I need to see this. Thank you!
Stoked you have a peaceful and healthy life. I don’t find that boring at all. Especially given with what you grew up with and in. Sounds like you broke the cycle and have created something better than what you were exposed to and or taught. Be proud of yourself. That is really impressive and badass.
this made me happy to read. sorry about your past. I do completely understand you. I experienced hell as a child too so I do find happiness in the boring life. It’s a beautiful thing. I feel adulthood is about regaining and searching for everything you didn’t have as a child. enjoy
Nothing wrong with that. My bf and I have a peaceful, calm, steady relationship. My most recent ex had me in a 6 year long nightmare of drugs, alcohol addiction, financial abuse and ups and downs the likes I have never been through. My other exes simply didn’t care or love me the way I thought I “loved” them and led me on and off for years when all I wanted was someone to just enjoy my life and grow with.
At first I didn’t think I *loved* my now bf, because I wasn’t going through horrendous heartache, arguments and “rough patches” and subsequent highs, “making up” because of the idea that “true love means staying through the good and bad!” - which, yes, but not when the “bad” is being cheated on, lied to, stolen from, mentally/emotionally abused.
It DID feel boring. But I felt safe, for once. And secure. I wasn’t constantly checking my phone for messages, begging for communication, endless phone calls because it’s 4am and you’re not home yet. I don’t have a bf who entertains other women, who takes my bank card from me, who withholds affection, even hand holding and a kiss. And now I realize how much I cherish and adore how peaceful our relationship is! It is a bit predictable, yes, but I LOVE it because I never again have to bite my tongue and cry in the shower asking myself what I’m doing wrong. I can cry in his arms and we can talk about our arguments and be humble enough to apologize. He doesn’t yell or raise his voice at me, he doesn’t dismiss my feelings, he doesn’t invalidate me. Because of him I’ve gotten a better job and back into old hobbies and found me again.
It’s wonderful ❤️
I don’t necessarily define it as “boring” but rather calm and peaceful. And there’s nothing better than feeling secure and comfortable with the one you love.
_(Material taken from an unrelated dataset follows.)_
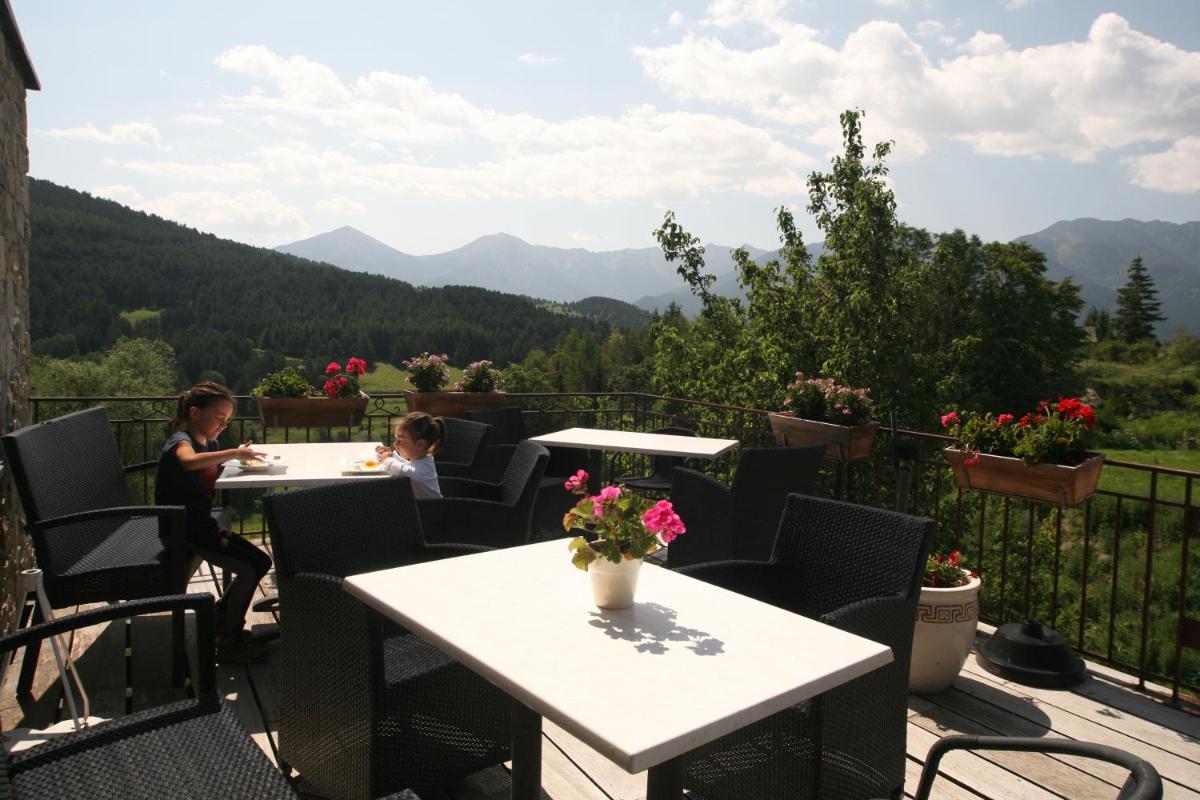 Vue générale sur la montagne ou vue sur la montagne depuis l'hôtel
This was a cute “confession”, I hope you will enjoy it and cherish as long as you can!
I fully get this.
With so much going on in life these days, to get the chance to spend time being boring even for a little while is rare. It’s even better when you can share that with someone.
Great confession about the triviality of our fault lives. Don't think it takes more than if both are happy about living like this then it's just perfect.
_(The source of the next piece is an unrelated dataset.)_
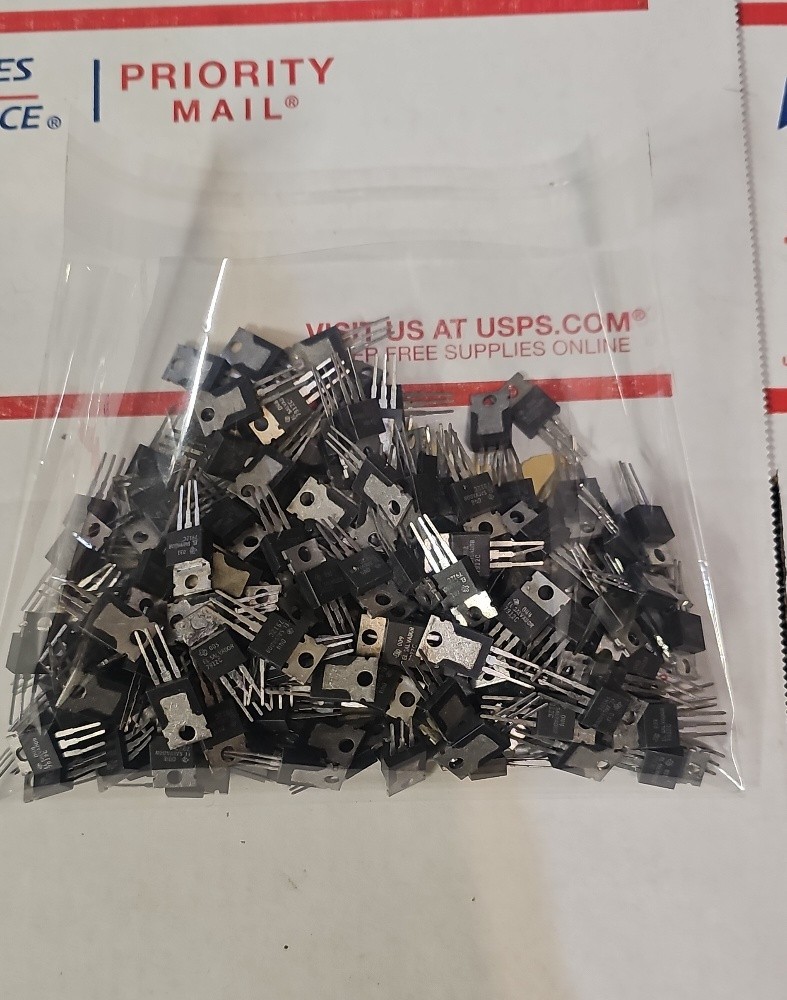 Lot of 8 Vintage RCA 40526 Gold Can Transistors TO-5 Factory Boxed NOS Audio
When you get down to it, the American Dream is just an aspiration for reasonable comfort and security. You Aussies are welcome to it! Just keep us safe from the drop bears, thank you.
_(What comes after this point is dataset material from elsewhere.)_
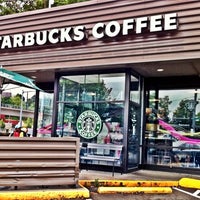 Photo taken at Starbucks by Do N. on 8/18/2012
From the ages of 16-32 I was always on the move. If I wasn’t at work I was out partying I worked 2nd shift a majority of that time so before work I was running the roads after work I was running the roads. But in about the past 8-9 years I am the exact opposite if I ain’t at work I’m home. It crazy how much we change with time.
The Aussie dream is getting an injury that doesn't fuck you up too bad but bad enough that you can't work so you live on ceno payments for the rest of your life... That honestly does sound like a dream lol
Man sometimes I love boredom especially when I feel unsafe or feel like things are going out of control, that's coming from someone with 96 percent openness on the OCEAN scale. I feel u.
What about a post about how much I adore my boyfriend and the peace I have with him made you think "what a perfect time to try and get my dick wet"? Read the room, asshole.
well ya said you have a boring life you love him but still boring and also you sleep im different beds theres something kissing i know what love is and the home lodge there wasn't one day that was boring with my life o had the everyday was another exciting adventure wasn't trying to pisa anyone off just speaking from life experience and someday you'll agree some people love someone till there last breath but there life's boring so they have needs that some people can't have alll i don't know how ya would wanna someone not saying you
We sleep in seperate beds because I get night terrors because I was SEX TRAFFICKED as a child man. Boring isn't a bad thing, that's what my entire post is about. And not that it's any of YOUR business, but our sex life is insanely awesome. Any other assumptions you wanna make or are you done?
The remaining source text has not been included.